Why February the 14th?
So it is believed that Valentine’s Day is celebrated to commemorate the anniversary of Valentine’s death/burial. However, there are claims that the Christian church placed the day in the middle of February so as to “Christianize” a Roman pagan celebration. The Romans celebrated Lupercalia on February 15th. The event was a fertility festival dedicated to the Roman god of agriculture, Faunus, and the founders of Rome, Romulus and Remus.
Without going too much into the details of the festival – a goat would be sacrificed for fertility, and a dog, for purification. The goat’s hide would then be dipped in the blood and then priests would walk down the, slapping women and crop fields with the bloody hide.

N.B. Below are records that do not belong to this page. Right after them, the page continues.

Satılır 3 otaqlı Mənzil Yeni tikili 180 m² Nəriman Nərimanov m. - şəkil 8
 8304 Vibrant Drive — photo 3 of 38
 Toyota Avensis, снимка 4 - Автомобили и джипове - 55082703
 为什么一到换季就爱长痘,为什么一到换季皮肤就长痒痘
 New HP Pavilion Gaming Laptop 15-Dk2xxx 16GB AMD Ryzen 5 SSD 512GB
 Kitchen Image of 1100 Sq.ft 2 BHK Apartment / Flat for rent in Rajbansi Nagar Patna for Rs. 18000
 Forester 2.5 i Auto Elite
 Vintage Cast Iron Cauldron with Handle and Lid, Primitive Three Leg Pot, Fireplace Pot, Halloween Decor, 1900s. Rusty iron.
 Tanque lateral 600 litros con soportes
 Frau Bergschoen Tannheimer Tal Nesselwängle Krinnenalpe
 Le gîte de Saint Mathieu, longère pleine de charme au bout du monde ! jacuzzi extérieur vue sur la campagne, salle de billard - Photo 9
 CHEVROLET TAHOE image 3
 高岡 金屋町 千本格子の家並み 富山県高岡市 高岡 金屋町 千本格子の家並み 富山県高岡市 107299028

Women would be eager to be touched by the hides because they believed they would be fertile and bear children the next year. Later after this, all young women would place their names in a big urn. The city’s bachelors would choose a name for pairing. These matches would turn into marriage.
When Christianity arose in Rome, Lupercalia was outlawed and deemed Un-christian. Pope Gelasius declared February the 14th, St. Valentine’s Day. It was however years later when the day became associated with love.